Dell products l.p. (20240135305). ADAPTIVE LOGISTICS NAVIGATION ASSISTANCE BASED ON PACKAGE FRAGILITY simplified abstract

From WikiPatents
Revision as of 02:59, 26 April 2024 by Wikipatents (talk | contribs) (Creating a new page)
(diff) ← Older revision | Latest revision (diff) | Newer revision → (diff)
Jump to navigation Jump to search

ADAPTIVE LOGISTICS NAVIGATION ASSISTANCE BASED ON PACKAGE FRAGILITY

Organization Name

dell products l.p.

Inventor(s)

Eric L. Caron of Ottawa (CA)

Eric Bruno of Shirley NY (US)

Jason Bonafide of Winter Garden FL (US)

Nalinkumar Mistry of Ottawa (CA)

Vinicius Michel Gottin of Rio de Janeiro (BR)

ADAPTIVE LOGISTICS NAVIGATION ASSISTANCE BASED ON PACKAGE FRAGILITY - A simplified explanation of the abstract

This abstract first appeared for US patent application 20240135305 titled 'ADAPTIVE LOGISTICS NAVIGATION ASSISTANCE BASED ON PACKAGE FRAGILITY

Simplified Explanation

The patent application describes a method for detecting anomalous driving patterns of a movable edge node in an edge environment based on sensor data and aggregate fragility levels.
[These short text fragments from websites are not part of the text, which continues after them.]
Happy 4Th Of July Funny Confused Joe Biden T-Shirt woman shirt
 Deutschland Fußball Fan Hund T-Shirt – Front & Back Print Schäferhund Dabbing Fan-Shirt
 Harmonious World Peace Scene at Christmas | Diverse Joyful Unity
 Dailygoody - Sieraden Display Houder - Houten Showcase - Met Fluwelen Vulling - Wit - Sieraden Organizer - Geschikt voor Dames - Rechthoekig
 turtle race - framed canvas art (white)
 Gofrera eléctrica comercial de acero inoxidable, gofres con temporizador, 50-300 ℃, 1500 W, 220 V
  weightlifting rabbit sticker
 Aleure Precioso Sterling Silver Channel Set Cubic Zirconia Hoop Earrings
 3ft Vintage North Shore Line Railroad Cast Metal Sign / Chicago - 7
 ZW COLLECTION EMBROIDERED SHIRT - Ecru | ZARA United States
  • Receiving datasets from sensors with sensor data associated with fragility levels
  • Extracting features from the datasets
  • Determining events indicating anomalous driving patterns
  • Generating an alarm based on a predetermined threshold linked to fragility levels

Potential Applications

This technology could be applied in various industries such as transportation, logistics, and supply chain management to monitor the condition of packages during transit.

Problems Solved

This technology helps in identifying potential risks to packages being transported by detecting anomalous driving patterns, ensuring the safety and security of the transported goods.

Benefits

- Improved monitoring and tracking of packages - Early detection of potential issues during transportation - Enhanced overall efficiency and safety in logistics operations

Potential Commercial Applications

"Enhancing Package Security and Monitoring in Transportation with Fragility-Based Anomaly Detection"

Possible Prior Art

There may be prior art related to sensor-based anomaly detection systems in transportation and logistics industries, but specific examples would need to be researched further.

What is the accuracy rate of detecting anomalous driving patterns using this method?

The accuracy rate of detecting anomalous driving patterns using this method would depend on the quality of the sensor data, the effectiveness of the feature extraction process, and the reliability of the predetermined threshold for generating alarms.

How scalable is this technology for different types of edge environments and movable edge nodes?

The scalability of this technology for different types of edge environments and movable edge nodes would depend on the adaptability of the feature extraction process and the flexibility of the predetermined threshold settings to accommodate various scenarios. Further research and testing would be needed to determine the scalability of the technology.


Original Abstract Submitted

one example method includes receiving datasets based on one or more instances of sensor data that are received from one or more sensors. the sensor data is associated with an aggregate fragility level that indicates how fragile one or more packages being transported by a movable edge node in an edge environment are. features that are based on the datasets are extracted. based on the extracted features, events that indicate anomalous driving patterns for the movable edge node are determined. in response to determining the events, an alarm based on a predetermined threshold that is based on the aggregate fragility level is generated.